■ **GIVEN DATA**
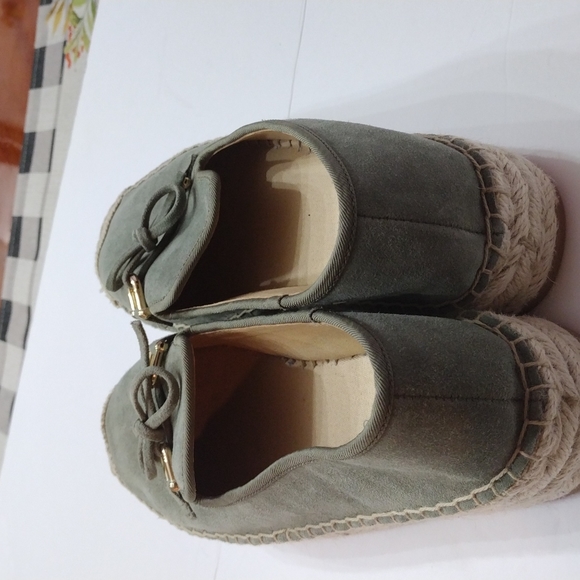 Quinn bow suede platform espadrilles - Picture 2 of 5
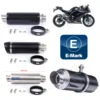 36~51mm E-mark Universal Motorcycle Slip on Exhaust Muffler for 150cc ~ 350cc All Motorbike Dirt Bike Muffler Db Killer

* * *

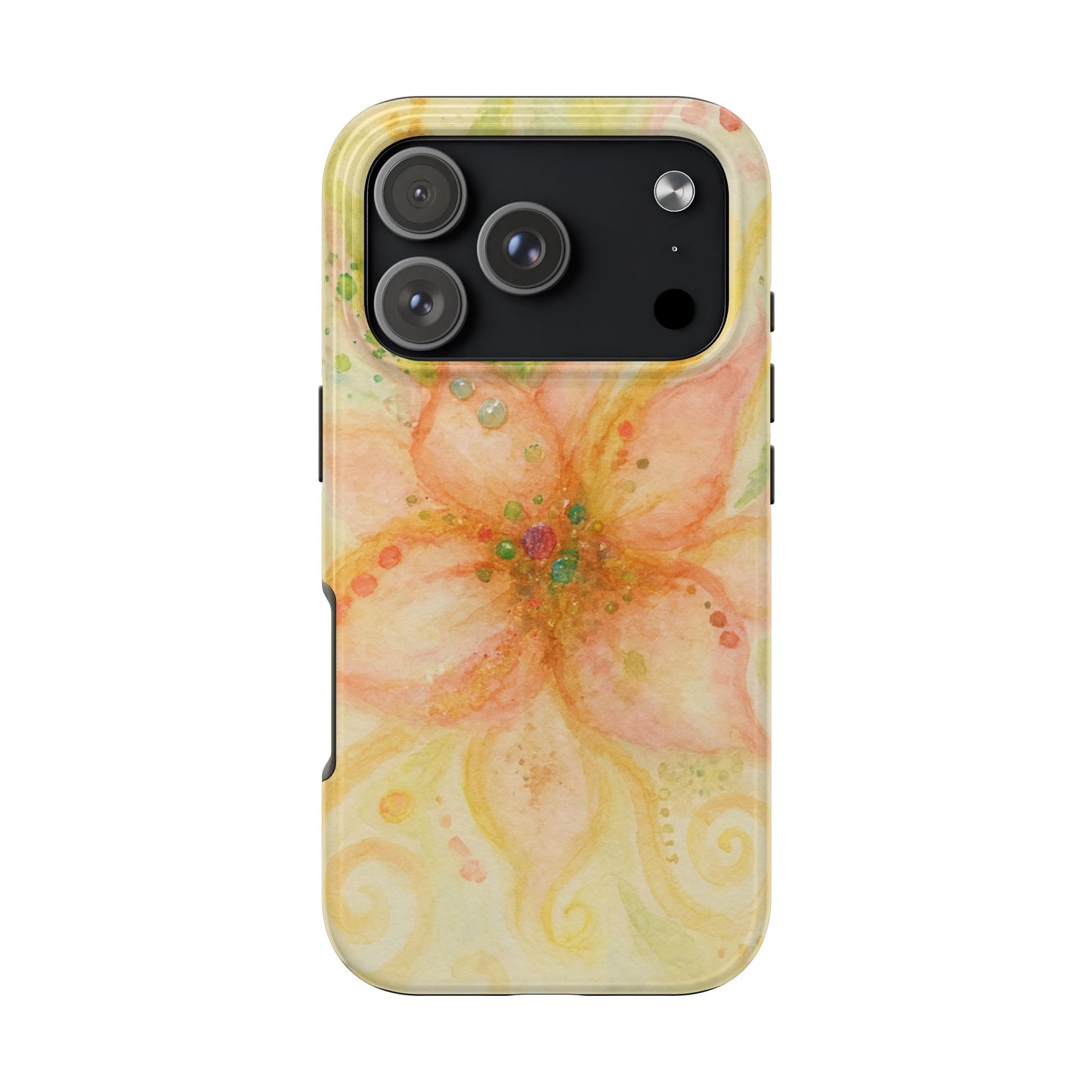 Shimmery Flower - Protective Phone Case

■ **EXERCISE DESCRIPTION**
Look above for the line with "Quinn bow suede"; quote it and every line after it, stopping after the line with "36~51mm E-mark Universal", exactly, with nothing added and without pictures.

■ **SOLUTION TO THIS TASK**
 Quinn bow suede platform espadrilles - Picture 2 of 5
 36~51mm E-mark Universal Motorcycle Slip on Exhaust Muffler for 150cc ~ 350cc All Motorbike Dirt Bike Muffler Db Killer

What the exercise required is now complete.